Cranston is home to the Budlong Pool, one of the largest outdoor swimming pools in the country. Built in the 1940s as a Works Progress Administration project, it is a staple of the community. It is located at 198 Aqueduct Road, off Reservoir Avenue (part of RI 2).

Sprague Mansion, an 18th-century homestead, is listed on the National Register of Historic Places.  The Thomas Fenner House, built around 1677, is one of the oldest houses in Rhode Island. Edgewood Yacht Club which is no longer standing was a notable structure on the National Register of Historic Places located on the Providence River.

Sports

Little League
 1996 United States Champions (CWLL)
 2015 New England Champions (CWLL)

Government
The Rhode Island Department of Corrections has its headquarters and its adult prison facilities in Cranston. The Rhode Island Department of Children, Youth & Families operates the Rhode Island Training School (RITS), a juvenile correctional facility, in Cranston. The Rhode Island Division of Motor Vehicles is headquartered in Cranston.

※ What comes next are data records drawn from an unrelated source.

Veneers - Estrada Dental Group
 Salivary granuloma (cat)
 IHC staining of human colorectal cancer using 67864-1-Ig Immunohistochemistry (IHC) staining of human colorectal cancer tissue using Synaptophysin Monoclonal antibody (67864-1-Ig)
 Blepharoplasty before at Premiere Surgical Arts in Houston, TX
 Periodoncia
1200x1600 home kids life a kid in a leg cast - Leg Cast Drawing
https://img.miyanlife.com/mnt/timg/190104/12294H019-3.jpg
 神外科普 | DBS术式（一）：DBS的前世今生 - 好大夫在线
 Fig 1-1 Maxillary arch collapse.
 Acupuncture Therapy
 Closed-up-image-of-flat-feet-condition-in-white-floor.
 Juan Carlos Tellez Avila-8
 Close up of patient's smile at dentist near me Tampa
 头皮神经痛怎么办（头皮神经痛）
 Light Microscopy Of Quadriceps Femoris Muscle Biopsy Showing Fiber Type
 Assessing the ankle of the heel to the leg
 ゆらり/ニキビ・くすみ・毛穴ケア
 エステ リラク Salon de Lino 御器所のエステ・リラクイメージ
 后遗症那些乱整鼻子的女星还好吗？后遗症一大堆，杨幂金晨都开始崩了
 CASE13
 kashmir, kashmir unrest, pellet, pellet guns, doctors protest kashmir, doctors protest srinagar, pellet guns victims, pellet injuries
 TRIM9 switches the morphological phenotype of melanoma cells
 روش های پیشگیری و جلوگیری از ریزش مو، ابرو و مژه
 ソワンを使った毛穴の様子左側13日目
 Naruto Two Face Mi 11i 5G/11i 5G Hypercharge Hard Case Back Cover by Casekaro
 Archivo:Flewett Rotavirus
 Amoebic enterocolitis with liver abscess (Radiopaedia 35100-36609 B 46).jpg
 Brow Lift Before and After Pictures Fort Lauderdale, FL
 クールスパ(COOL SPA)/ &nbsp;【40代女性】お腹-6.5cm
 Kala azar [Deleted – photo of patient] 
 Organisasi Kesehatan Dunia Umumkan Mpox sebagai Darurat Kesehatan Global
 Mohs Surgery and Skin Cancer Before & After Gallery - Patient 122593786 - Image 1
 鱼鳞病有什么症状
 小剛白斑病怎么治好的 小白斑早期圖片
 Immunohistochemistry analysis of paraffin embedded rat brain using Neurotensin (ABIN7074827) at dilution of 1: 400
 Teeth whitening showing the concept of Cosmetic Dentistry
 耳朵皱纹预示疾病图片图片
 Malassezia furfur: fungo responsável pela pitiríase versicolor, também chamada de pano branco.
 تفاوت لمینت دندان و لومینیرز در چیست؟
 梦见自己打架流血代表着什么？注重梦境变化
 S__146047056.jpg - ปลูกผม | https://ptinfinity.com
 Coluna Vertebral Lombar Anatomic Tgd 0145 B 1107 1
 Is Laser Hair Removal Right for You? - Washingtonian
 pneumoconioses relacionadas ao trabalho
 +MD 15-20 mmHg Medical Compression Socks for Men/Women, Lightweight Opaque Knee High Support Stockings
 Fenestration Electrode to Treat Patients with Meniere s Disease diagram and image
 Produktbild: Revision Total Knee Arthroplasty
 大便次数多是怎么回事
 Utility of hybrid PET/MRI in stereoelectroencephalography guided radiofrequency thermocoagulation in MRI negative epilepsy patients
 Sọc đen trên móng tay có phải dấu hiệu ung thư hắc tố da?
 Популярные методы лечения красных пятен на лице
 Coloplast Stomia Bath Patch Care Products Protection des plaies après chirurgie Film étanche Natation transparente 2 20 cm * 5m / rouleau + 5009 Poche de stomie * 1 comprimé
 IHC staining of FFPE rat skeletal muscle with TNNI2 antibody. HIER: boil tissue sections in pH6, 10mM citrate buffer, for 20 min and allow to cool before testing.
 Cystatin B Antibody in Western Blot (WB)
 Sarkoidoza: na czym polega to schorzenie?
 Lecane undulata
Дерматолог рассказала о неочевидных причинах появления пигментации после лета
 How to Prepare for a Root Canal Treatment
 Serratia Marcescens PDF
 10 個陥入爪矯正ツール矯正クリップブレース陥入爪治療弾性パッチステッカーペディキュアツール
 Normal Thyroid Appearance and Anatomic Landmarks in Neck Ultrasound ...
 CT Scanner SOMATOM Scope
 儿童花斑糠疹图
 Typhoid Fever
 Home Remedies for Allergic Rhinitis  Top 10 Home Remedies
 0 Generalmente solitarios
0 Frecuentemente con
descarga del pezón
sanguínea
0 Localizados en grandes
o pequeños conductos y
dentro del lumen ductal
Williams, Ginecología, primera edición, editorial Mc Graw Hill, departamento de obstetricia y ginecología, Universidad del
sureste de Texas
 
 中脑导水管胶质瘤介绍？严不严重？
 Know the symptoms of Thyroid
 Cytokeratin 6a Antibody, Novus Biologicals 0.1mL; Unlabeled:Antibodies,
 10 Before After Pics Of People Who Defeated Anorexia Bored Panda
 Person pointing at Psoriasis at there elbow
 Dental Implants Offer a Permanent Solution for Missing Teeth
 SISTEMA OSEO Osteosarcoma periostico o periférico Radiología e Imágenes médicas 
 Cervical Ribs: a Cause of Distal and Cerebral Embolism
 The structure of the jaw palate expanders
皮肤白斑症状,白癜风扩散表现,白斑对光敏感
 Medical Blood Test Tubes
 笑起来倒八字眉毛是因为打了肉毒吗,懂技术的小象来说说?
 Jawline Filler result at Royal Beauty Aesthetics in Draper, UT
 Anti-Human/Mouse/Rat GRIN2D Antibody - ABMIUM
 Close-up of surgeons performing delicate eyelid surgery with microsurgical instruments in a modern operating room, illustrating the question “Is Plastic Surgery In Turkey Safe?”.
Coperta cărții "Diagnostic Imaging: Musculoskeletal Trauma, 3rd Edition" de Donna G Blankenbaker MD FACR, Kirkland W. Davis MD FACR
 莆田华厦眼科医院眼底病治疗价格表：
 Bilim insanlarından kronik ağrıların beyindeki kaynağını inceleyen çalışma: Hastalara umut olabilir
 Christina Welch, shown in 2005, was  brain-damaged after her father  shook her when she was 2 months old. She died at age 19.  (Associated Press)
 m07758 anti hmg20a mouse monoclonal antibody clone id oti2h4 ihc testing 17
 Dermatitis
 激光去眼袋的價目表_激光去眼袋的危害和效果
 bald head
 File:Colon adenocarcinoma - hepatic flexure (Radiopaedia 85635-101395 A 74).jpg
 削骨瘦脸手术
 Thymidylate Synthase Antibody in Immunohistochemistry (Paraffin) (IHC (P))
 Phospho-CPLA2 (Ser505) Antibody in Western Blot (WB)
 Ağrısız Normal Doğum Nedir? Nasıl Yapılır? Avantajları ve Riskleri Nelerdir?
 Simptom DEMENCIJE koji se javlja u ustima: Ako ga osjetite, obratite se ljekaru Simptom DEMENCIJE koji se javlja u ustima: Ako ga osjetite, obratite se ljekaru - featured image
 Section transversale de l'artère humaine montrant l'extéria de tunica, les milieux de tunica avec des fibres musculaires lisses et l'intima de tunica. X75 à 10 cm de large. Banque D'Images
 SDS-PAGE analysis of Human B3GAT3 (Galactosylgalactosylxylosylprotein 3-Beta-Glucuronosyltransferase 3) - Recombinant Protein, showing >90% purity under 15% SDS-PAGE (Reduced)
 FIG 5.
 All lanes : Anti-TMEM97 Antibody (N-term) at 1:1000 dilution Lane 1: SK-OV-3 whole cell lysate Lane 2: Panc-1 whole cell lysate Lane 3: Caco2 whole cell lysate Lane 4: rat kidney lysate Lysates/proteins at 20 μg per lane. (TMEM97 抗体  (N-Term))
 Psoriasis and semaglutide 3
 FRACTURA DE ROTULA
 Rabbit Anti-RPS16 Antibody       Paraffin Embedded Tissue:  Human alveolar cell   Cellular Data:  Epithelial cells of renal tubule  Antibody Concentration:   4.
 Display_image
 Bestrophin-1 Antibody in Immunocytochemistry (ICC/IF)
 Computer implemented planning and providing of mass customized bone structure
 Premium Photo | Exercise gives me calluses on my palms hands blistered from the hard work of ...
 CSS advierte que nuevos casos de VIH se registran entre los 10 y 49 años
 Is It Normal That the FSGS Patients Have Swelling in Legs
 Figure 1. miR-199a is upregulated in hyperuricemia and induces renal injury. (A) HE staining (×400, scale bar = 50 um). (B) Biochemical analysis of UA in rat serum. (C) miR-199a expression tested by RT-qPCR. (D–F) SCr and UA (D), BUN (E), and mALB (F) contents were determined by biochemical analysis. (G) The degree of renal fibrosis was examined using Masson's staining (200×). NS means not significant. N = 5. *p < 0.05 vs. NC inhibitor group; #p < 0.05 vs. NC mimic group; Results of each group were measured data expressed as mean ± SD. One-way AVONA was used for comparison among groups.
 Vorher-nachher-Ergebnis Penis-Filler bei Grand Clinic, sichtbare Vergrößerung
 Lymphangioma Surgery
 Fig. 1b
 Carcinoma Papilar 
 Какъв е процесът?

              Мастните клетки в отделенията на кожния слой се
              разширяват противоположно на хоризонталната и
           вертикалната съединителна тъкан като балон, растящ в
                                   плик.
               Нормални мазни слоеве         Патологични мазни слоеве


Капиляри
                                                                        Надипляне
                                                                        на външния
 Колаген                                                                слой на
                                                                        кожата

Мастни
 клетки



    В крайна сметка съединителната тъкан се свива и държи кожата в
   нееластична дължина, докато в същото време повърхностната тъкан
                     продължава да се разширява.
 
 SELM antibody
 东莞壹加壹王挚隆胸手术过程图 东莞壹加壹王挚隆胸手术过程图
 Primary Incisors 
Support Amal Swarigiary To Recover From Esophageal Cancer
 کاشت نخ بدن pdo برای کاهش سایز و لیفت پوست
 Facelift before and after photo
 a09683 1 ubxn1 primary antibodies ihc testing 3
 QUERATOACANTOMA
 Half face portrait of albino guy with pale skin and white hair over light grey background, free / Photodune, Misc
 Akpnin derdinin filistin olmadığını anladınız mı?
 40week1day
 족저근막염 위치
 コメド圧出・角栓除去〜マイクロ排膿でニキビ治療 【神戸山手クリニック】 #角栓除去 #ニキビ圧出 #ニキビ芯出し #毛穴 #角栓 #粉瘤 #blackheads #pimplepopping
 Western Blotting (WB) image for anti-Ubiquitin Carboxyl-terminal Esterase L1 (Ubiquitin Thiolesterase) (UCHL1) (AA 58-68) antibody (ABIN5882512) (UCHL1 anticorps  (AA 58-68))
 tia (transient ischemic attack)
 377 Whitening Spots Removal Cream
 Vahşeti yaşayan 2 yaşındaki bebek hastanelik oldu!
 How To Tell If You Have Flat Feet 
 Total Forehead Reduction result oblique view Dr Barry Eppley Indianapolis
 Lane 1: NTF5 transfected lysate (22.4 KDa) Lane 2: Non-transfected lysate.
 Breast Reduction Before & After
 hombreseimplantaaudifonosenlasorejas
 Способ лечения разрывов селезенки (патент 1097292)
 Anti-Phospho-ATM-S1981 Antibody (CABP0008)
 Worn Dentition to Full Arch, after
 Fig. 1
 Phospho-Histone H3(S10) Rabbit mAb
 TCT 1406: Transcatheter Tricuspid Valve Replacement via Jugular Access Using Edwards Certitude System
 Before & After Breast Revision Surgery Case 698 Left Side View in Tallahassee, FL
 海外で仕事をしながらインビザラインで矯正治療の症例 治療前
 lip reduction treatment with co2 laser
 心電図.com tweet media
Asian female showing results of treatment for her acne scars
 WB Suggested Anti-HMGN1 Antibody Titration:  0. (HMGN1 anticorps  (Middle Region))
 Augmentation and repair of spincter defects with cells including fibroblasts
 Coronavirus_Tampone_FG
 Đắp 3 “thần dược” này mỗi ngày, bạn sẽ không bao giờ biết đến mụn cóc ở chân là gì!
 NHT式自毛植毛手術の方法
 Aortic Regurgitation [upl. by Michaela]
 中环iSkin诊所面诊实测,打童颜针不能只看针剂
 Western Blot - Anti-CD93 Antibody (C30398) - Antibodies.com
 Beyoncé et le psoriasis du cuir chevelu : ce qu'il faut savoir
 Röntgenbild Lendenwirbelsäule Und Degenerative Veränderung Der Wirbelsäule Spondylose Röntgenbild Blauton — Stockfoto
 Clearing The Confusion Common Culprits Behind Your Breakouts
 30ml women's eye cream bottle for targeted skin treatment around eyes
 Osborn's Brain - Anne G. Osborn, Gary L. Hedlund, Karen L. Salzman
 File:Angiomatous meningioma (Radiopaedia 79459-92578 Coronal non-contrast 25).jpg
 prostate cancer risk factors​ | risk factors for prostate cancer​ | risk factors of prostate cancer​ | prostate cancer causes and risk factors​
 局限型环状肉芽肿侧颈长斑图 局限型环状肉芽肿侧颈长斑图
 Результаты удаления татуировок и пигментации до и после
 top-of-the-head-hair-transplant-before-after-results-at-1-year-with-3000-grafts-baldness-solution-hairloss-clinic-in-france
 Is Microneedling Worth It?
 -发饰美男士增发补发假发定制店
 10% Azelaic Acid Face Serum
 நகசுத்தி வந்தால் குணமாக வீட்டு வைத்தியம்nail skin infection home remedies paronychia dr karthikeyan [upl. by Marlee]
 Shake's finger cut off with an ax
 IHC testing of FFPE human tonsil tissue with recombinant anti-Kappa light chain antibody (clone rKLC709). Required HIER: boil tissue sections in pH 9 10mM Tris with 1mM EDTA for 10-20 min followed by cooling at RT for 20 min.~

The City of Cranston operates under a mayor-council form of government. General city elections are held on the first Tuesday next after the first Monday in November in even numbered years. Terms for elected officials begin on the first Monday in January of the year following their election. The City Council consists of nine members: six representing each of the City wards, and three city-wide representatives. Council members are elected to a two-year term, and are limited to five consecutive two-year terms. The current Cranston City Council President is Jessica M. Marino, a city-wide representative and first woman to hold the office. Ward 1 Councilmember Lammis J. Vargas is the Vice President. The council elected for the 2023-2025 term has a 5-4 Democratic majority.

The current mayor, Kenneth J. Hopkins, was sworn in on January 4, 2021, following his election to a four-year term in November 2020. Hopkins succeeded Mayor Allan Fung, the state's first Asian-American mayor, who served four terms from 2009 to 2021. , mayors may be elected to no more than two consecutive four-year terms.

In the Rhode Island Senate, Cranston is split into four senatorial districts, all represented by Democrats: Frank S. Lombardi (District 26), Hanna M. Gallo (District 27), Joshua Miller (District 28), and Matthew LaMountain (District 31). The city is divided into all or parts of nine Rhode Island House of Representatives districts, including Districts 14, 15, 16, 17, 18, 19, 20, 41, and 42. At the federal level, Cranston is a part of Rhode Island's 2nd congressional district and is currently represented by Democrat Seth Magaziner.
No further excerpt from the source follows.